BONUS: Rejected (Don Hertzfeldt) I love this deranged, bizarre little short SO MUCH. It's less than 10 minutes and so stupid it's genius. Just watch it.


  1. This week was so hard. I love all of your picks. I listen to Beasts of the Southern Wild's soundtrack all the time.

  2. I've heard good things about Once but haven't gotten around to it yet. When I read about It Follows it didn't sound like my kind of thing but your description makes it sound intriguing.

    Sorry to say I hated Beasts of the Southern Wild, I just could not get into it-perhaps I should give it another chance since when I watched it was not the most opportune time.

    Unlike most weeks when I look at the theme and can pluck three titles pretty easily from memory I had to research this time to find out what had played this festival and that I had seen and liked. Fortunately there were at least three!

    Silverlake Life: The View from Here (1993) - Won the Grand Jury Documentary Prize at Sundance. Mark Massi and Tom Joslin are in a long time committed relationship, they have also both been diagnosed with AIDS which at the time was a death sentence. We live through their final journey with them. The film has touches of gallows humor but it is a harrowing, heartbreaking trip to an inevitable destination that will leave you emotionally bereft.

    Big Night (1996) - Won the Waldo Salt Screenwriting Award at Sundance. Primo (Tony Shalhoub) and Secondo (Stanley Tucci-who co-wrote and co-directed this film) are immigrant brothers who operate an Italian restaurant in America. Primo is a culinary genius, but hot tempered and determined not to squander his expertise making the routine dishes that customers expect. Secondo is the smooth front-man, trying to keep the restaurant financially afloat, despite few patrons other than a poor artist who pays with his paintings. Their friendly competitor who owns a nearby enormously successful restaurant offers a solution, a special benefit lead by a big-time jazz musician who is a friend of his. Excitedly Primo begins to prepare his feast of a lifetime for the brothers' big night. Amusing comic drama with a terrific cast alongside Tucci and Shalhoub including Isabella Rossellini, Minnie Driver and Live Schreiber.

    You Can Count on Me (2000) - Won the Waldo Salt Screenwriting Award at Sundance. Independent, responsible Sammy Prescott (Laura Linney) is a single mother working as a loan officer in upstate New York who is at first delighted when her errant, feckless brother Terry (Mark Ruffalo) shows up unexpectedly for a visit after a long period of not being in touch. When his short visit stretches into an extended stay they both slowly begin to reexamine their lives as their childhood bond strengthens anew. Beautifully acted this is one of the best looks at sibling rivalry and connection ever made.
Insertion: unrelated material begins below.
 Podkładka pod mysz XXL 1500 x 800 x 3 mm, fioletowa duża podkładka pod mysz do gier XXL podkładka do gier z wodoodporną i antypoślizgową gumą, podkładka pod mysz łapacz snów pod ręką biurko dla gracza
  3. I haven't seen Once but Beasts of the Southern Wild and It Follows are outstanding films. Love those picks.

    I watched the short and, wow. Most of it was too bizarre for me, however two segments stood out. The "Silly Hats" part was really funny and the crumbling/ripping paper finale was absolutely brilliant. Thanks for sharing.
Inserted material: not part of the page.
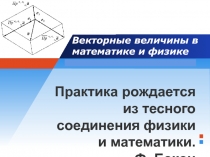 Презентация интегрированного урока Векторы в физике и математике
  4. It Follows is such a terrific movie. I hope Maika can still have big career, she was just fantastic here and in The Guest but then did that awful Independence Day sequel

  5. Hot damn! You nailed it, friend. I love all of these. Beasts of the Southern Wild most of all.

  6. I didn't like Beasts of the Southern Wild...I guess I just didn't get it.

    Once I love love...would love to see the stage version too.

    And It Follows is something I want to see.